This Thai holy basil stir fry also known as pad kra pao is one of my favorite dishes. It’s quick, it’s easy, and it’s super simple to make. Now, before all the aunties and grandmas come at me, let’s be clear that this is a Whole30 and Paleo version. So I won’t be using things like oyster sauce, sugar, and/or dark soy sauce. I have somehow managed to get resourceful when I was recreating this recipe, and I am really proud of it!
The main flavor profile in this dish is the Thai holy basil –if you couldn’t guess from the name. You can find it at your Asian grocery store, but if not, you can also use regular Thai basil. If you can’t find either, then you can use the regular basil you find at any grocery store.
If you can find Thai holy basil though, I recommend stocking up. It has a slight peppery taste to it and really packs a lot flavor. I didn’t really appreciate it growing up, but now it is one of favorite herbs to use. You can literally throw it into any kind of stir fry, and it will help make the stir fry that much better!
Now, in a lot of Thai and Lao cuisine, it’s all about the flavor combo. It’s probably why a lot of my recipes have that element to it. It’s part of my DNA, I guess. HA! Since sugar is out for the Whole30, I had to find an alternative for it. The reason why sugar is used in a lot of Thai and Lao dishes is because it helps balance a dish out and also helps enhance flavor.
I tried just leaving the sugar out completely, but the dish was missing something when I used it. I tried using dates but those didn’t work out because the flavor didn’t seem to work with it. Then I remembered that I like to use apples in my Korean inspired dishes, and that’s how apple juice became one of the ingredients for this Thai holy basil stir fry!
I hope you enjoy this dish as much as I do. It’s a great go-to recipe that can put together in no time! Pair it with some cauliflower rice, and it’s better than any Thai take-out. Promise!
P.S. a crispy fried is mandatory when it comes to this Thai holy basil stir fry. Unless you’re allergic to eggs, this is non-negotiable. Thais love their crispy fried eggs!

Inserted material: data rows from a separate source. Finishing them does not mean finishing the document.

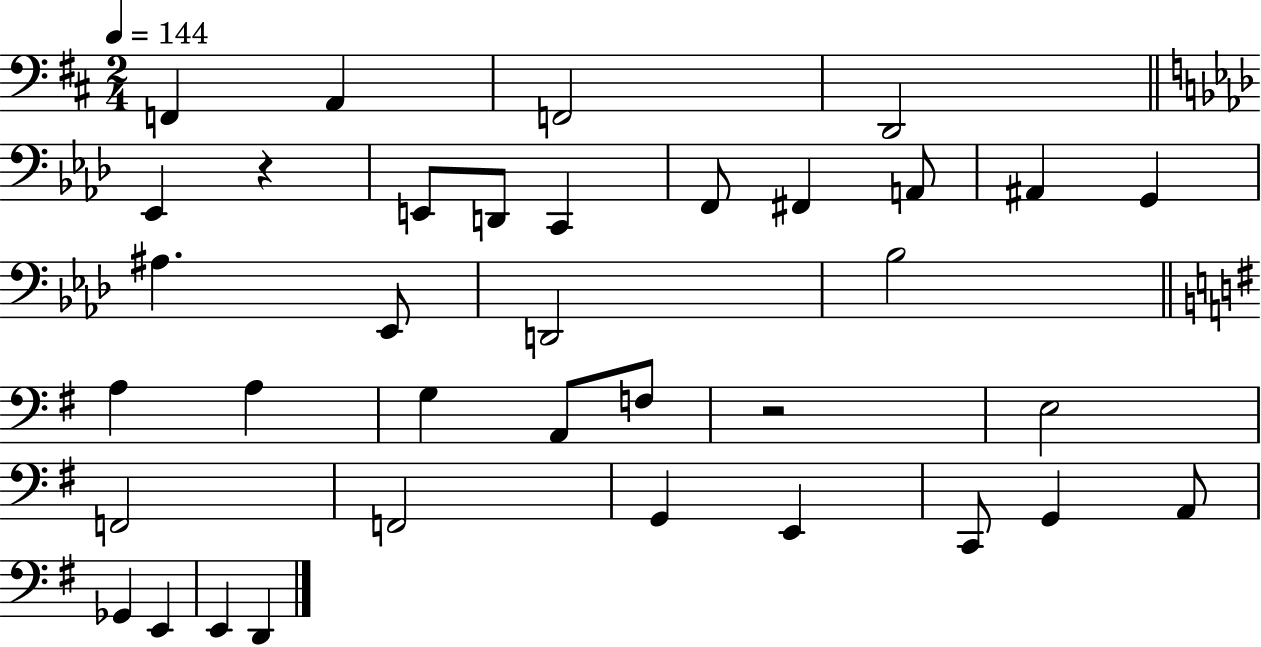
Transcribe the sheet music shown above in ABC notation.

X:1
T:Untitled
M:2/4
L:1/4
K:D
F,, A,, F,,2 D,,2 _E,, z E,,/2 D,,/2 C,, F,,/2 ^F,, A,,/2 ^A,, G,, ^A, _E,,/2 D,,2 _B,2 A, A, G, A,,/2 F,/2 z2 E,2 F,,2 F,,2 G,, E,, C,,/2 G,, A,,/2 _G,, E,, E,, D,, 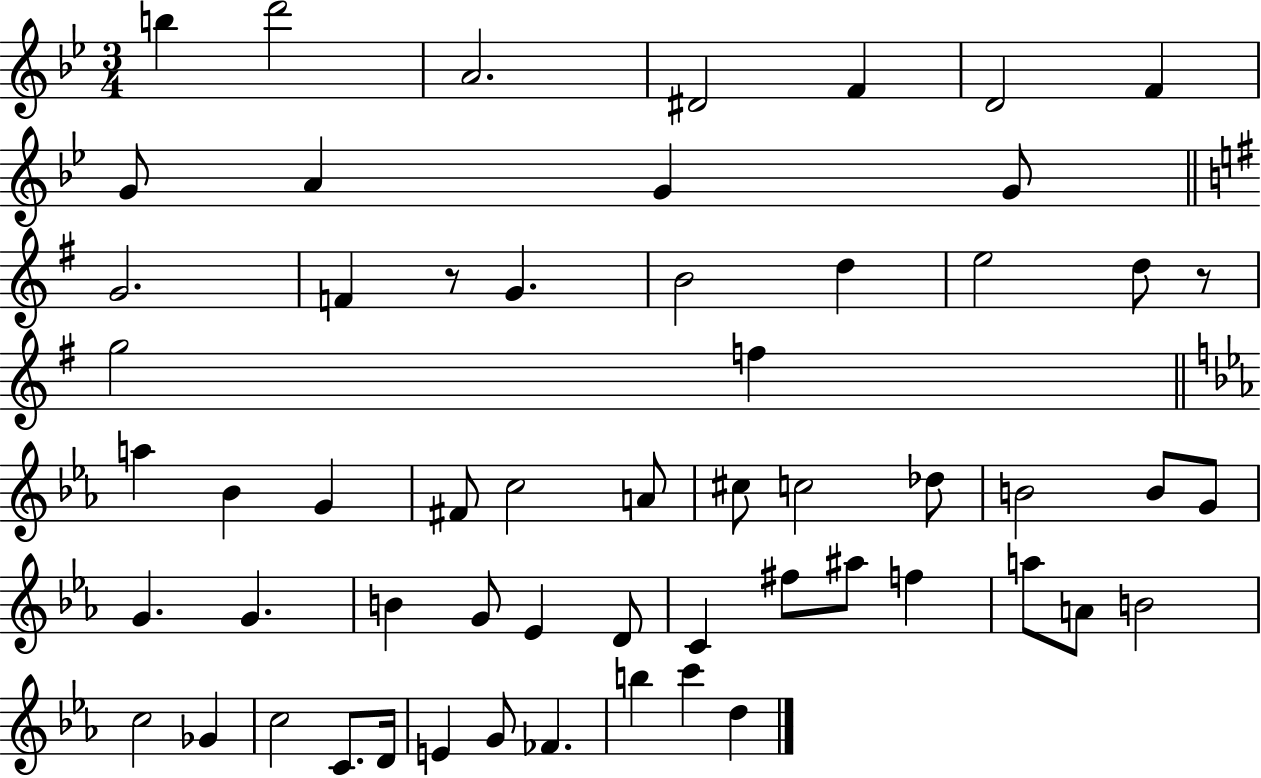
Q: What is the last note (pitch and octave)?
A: D5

Thai Holy Basil Stir Fry (Whole30, Paleo)
- 1 pound ground pork or ground chicken
- 1 1/2 cup Thai holy basil removed from stem and tightly packed
- 2 small shallots thinly sliced
- 5-7 garlic cloves peeled and thinly sliced
- 4-5 Thai chili pepper thinly sliced
- 1 tbsp fish sauce
- 1 tbsp coconut aminos
- 1/2 tbsp apple juice
- 1 tsp kosher salt
- 1 tbsp avocado oil
Crispy Fried Eggs
- 1-4 tbsp avocado oil or any cooking fat
- 1-4 eggs one egg per person
Preheat wok over medium-high heat with avocado oil, add in the shallots and garlic. Fry for about 3 minutes or until fragrant. Add in the sliced Thai chili peppers and stir fry for another minute.
Turn the heat up to high and add the ground pork to the wok making sure to break it up into small pieces. Let the pork sit in the wok undisturbed for a minute so it starts crisping up.
Pour in the fish sauce, coconut aminos, apple juice, and kosher salt. Mix until everything is well combined.
Once pork is cooked through, turn off the heat and then add the Thai holy basil. Mix until the Thai holy basil starts to wilt. (The residual heat will wilt the basil.)
Once the Thai basil has wilted, serve with cauliflower rice, and a crispy fried egg!
Crispy Fried Eggs
Preheat a small skillet over medium-high heat with 1 tbsp avocado oil.
Once oil is heated, add the cracked egg into the skillet. It will start bubbling up and the edges will start to brown.
Using a spoon to carefully spoon the avocado oil on top of the egg to help with cooking it. Cook until the whites are opaque and yolk is to your liking. Repeat steps for each egg.